Beginning with the line where "2007-2008 International 9900IX" appears, set down each line exactly until the records below end, and omit the pictures.
----------
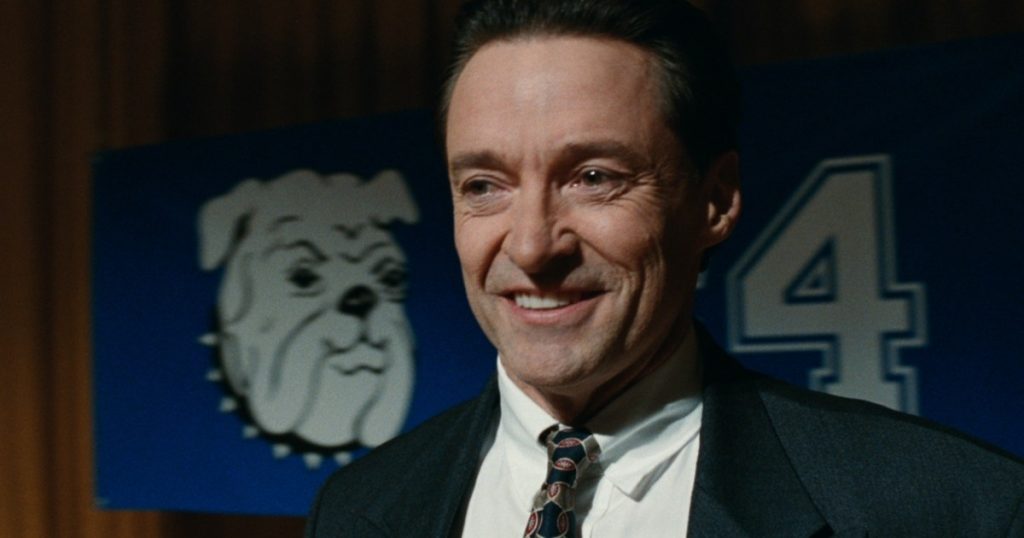 Х'ю Джекман у новій ролі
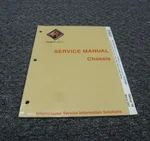 2007-2008 International 9900IX Eagle Truck Apu Hvac Service Repair Manual. Fixed Price $124.92.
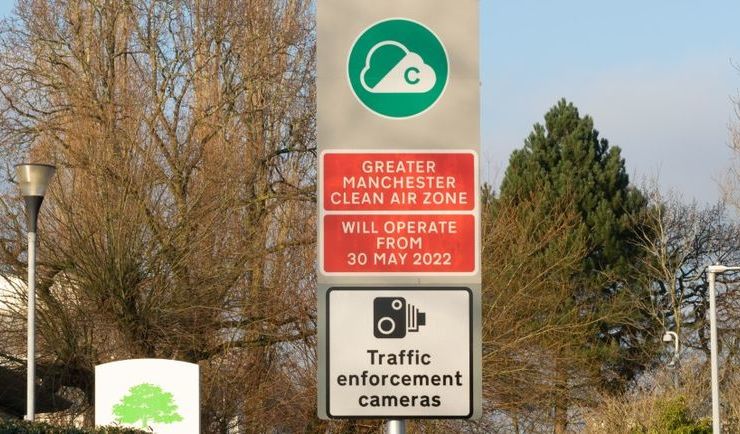 Manchester’s Clean Air plans to be reviewed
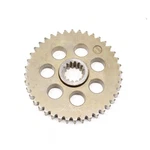 1990 Arctic Cat El Tigre Ext 40T Lower Chaincase Sprocket 0107-903. Fixed Price $49.99.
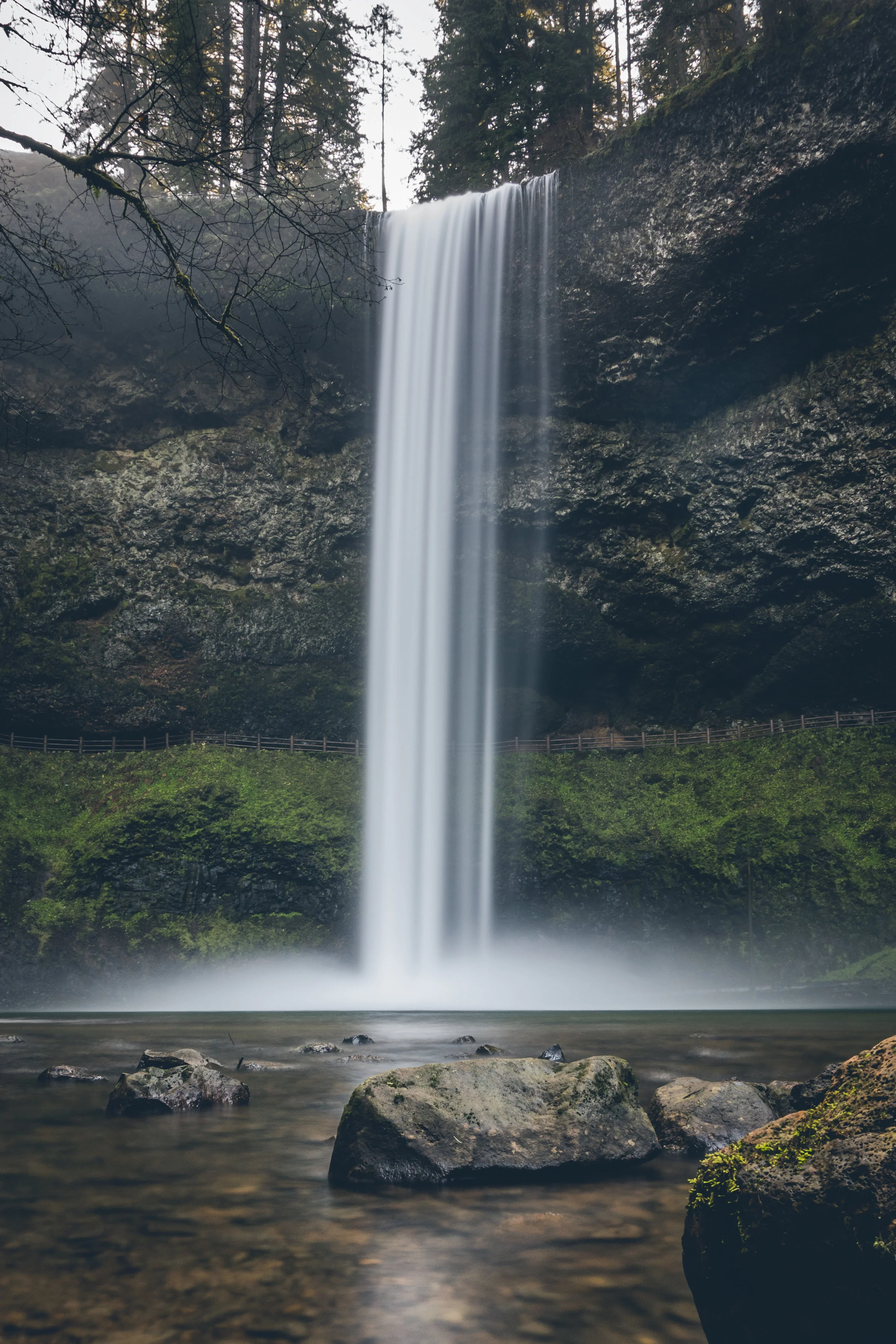 Silver Falls State Park - Silverton, OR
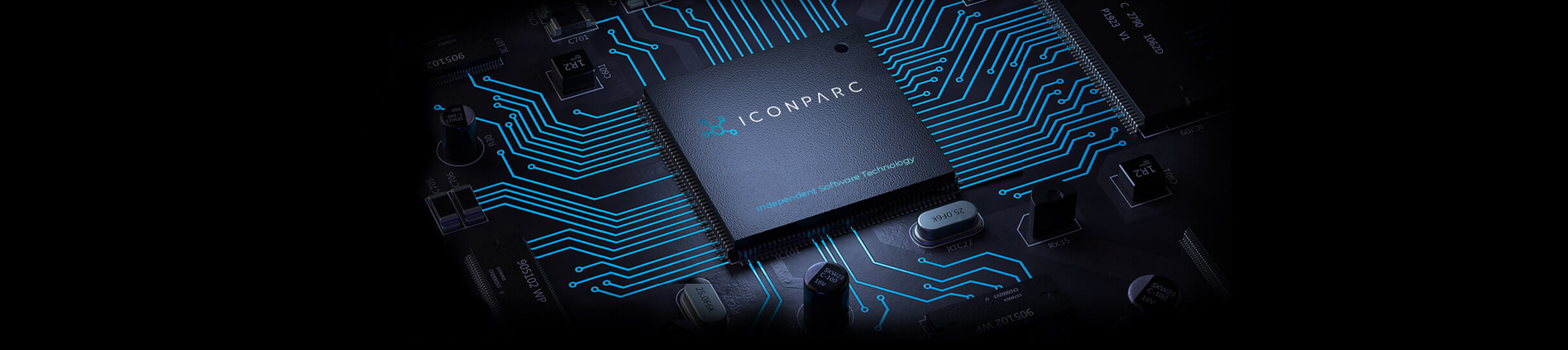 B2B e Business Core Cache Technology ICONPARC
----------
- SOLVED PROBLEM
 2007-2008 International 9900IX Eagle Truck Apu Hvac Service Repair Manual. Fixed Price $124.92.
 Manchester’s Clean Air plans to be reviewed
 1990 Arctic Cat El Tigre Ext 40T Lower Chaincase Sprocket 0107-903. Fixed Price $49.99.
 Silver Falls State Park - Silverton, OR
 B2B e Business Core Cache Technology ICONPARC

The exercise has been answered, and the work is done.